Nessa linha, a própria Constituição Federal Brasileira de 1988 marcou como um dos seus princípios de ordem econômica a atividade empresarial. Mas como garantir efetivamente e fomentar as atividades empresariais tão importantes à sociedade? Creio que a resposta passa necessariamente pela proteção à figura do empreendedor, de modo a limitar sua responsabilização em casos de insucesso. Disso já surge forte impasse, pois então teremos credores de empresários mal-sucedidos perante situação de inadimplência nos casos de quebra de empresas? Sim, possivelmente. E nada de errado existe nisso. Em verdade, é salutar que assim ocorra, pois ninguém em sã consciência colocaria todo o seu patrimônio, fonte de sustento familiar, para o exercício de atividades empreendedoras com alto risco.
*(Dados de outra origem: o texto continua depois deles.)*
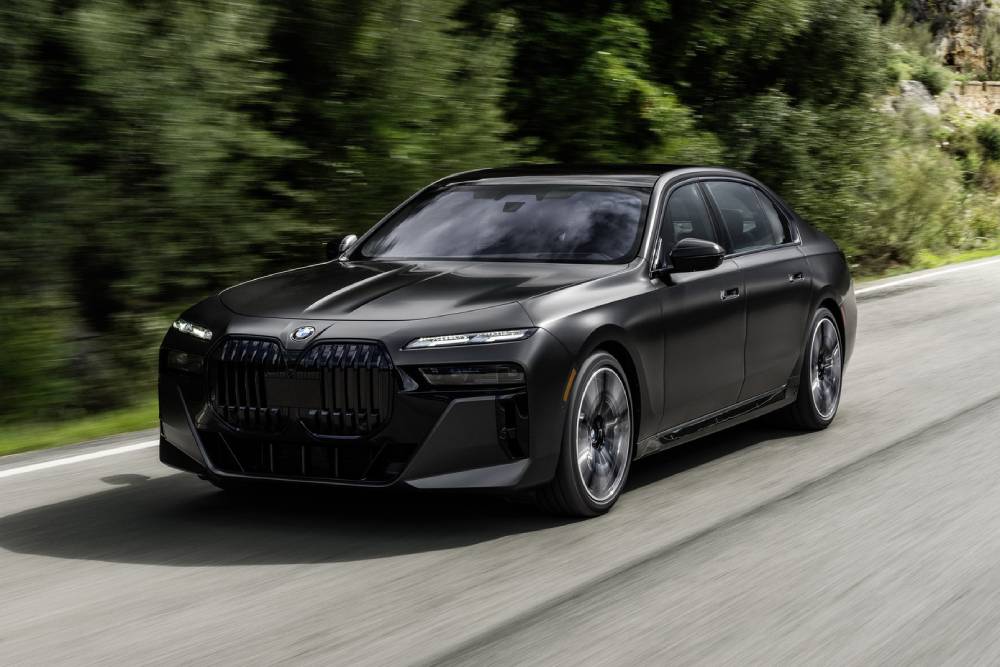 https://autogreeknews.gr/wp-content/uploads/2022/04/2023-BMW-760i-xDrive-22.jpg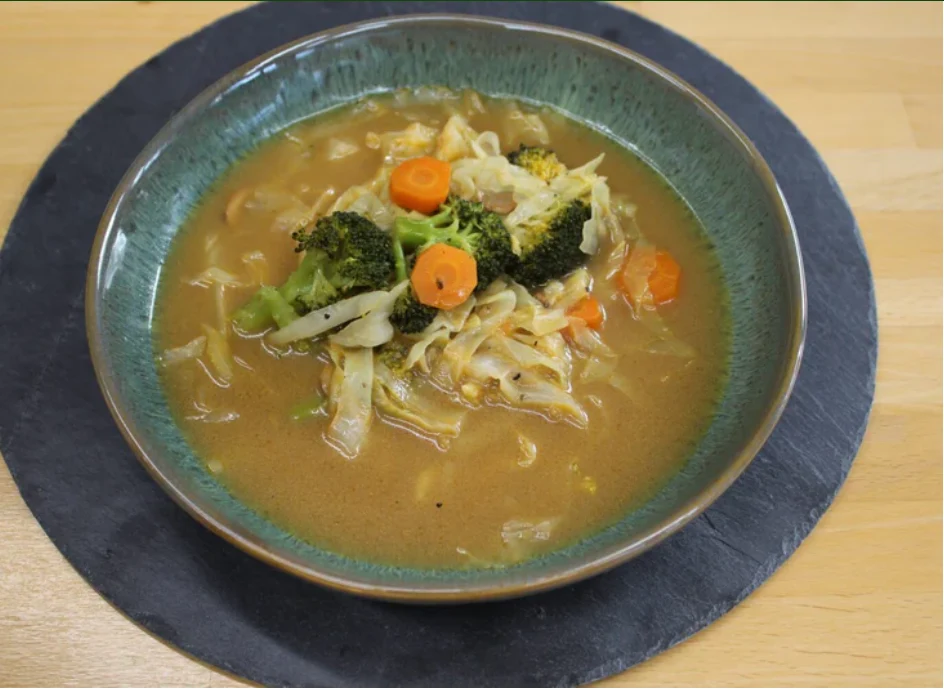 Thai-Kokos-Suppe mit Gemüse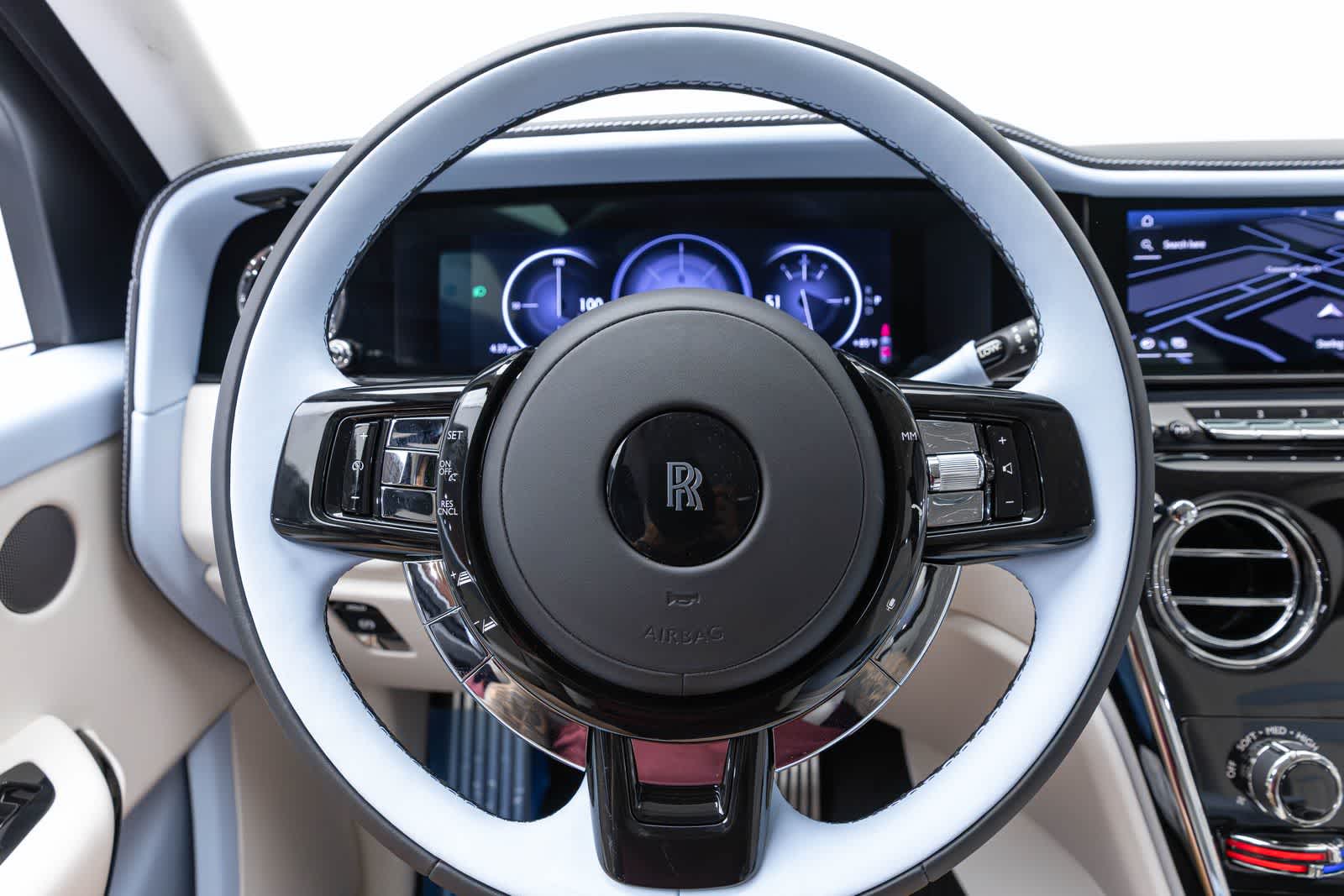Rolls-Royce Cullinan 2027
É preciso ponderação entre os extremos, para se chegar num ponto de proteção ao empreendedor, mas também para evitar prejuízos infundados aos seus credores em casos de bancarrota comercial.
Exatamente nessa linha andaram legisladores de todo o mundo, inicialmente na Alemanha, ainda no século XIX, e posteriormente inclusive no Brasil, já no século XX, lá pelos idos de 1919. Falo da criação da sociedade de responsabilidade limitada, na qual os sócios alocam determinado capital à sociedade, sendo este, após devidamente integralizado, isto é, pago à sociedade, que responderá por eventuais débitos empresariais. É a famosa LTDA, altamente utilizada em nossos dias.
Mas essa figura não basta, explico. Por vezes a empresa será exercida somente por um empreendedor, sem qualquer sócio, o que seria fundamental para termos uma sociedade, ou seja, é preciso mais de um empreendedor para a criação de uma sociedade LTDA. Sozinho o que o empreendedor poderia fazer é se registrar nos órgãos competentes como Empresário Individual, mas vejam, sem qualquer proteção patrimonial, colocando todo o seu patrimônio a responder por eventual insucesso nos negócios. Essa realidade forçou a criação de inúmeras sociedades fictícias, com a inclusão pelo empreendedor de parentes ou interpostas pessoas, vulgo “laranjas”, para permitir a criação de sociedades limitadas, unicamente com a finalidade de proteção patrimonial. Evidente que era necessário criar a responsabilização limitada também para os casos de exercício empresarial de forma individual, para efetivar o princípio da atividade empresarial, fortalecendo-o principalmente em favor dos pequenos empresários, os quais empreendem de forma individual por muitas vezes.
Aliás, não pensem que essa discussão é recente, pois não é. Já no início do século XX o assunto da limitação da responsabilidade do empresário individual está em cartaz, em vários países do mundo, incluindo o continente Europeu e a América. No entanto em raros casos a questão chegou a ser efetivada legislativamente, não passando das discussões acadêmicas e inúmeras teses doutrinárias na grande maioria dos países. Na América do Sul, por exemplo, se tem relatos de discussões sobre o assunto desde a década de 1920, na Argentina, no Brasil e também no Equador. Inclusive em vários projetos legislativos a figura chegou a ser planejada e discutida, não ganhando corpo legal efetivamente até o mês de Julho de 2011, quando o sistema legislativo brasileiro finalmente adotou a figura da EIRELI – Empresa Individual de Responsabilidade Limitada, através da Lei Federal nº 12.441.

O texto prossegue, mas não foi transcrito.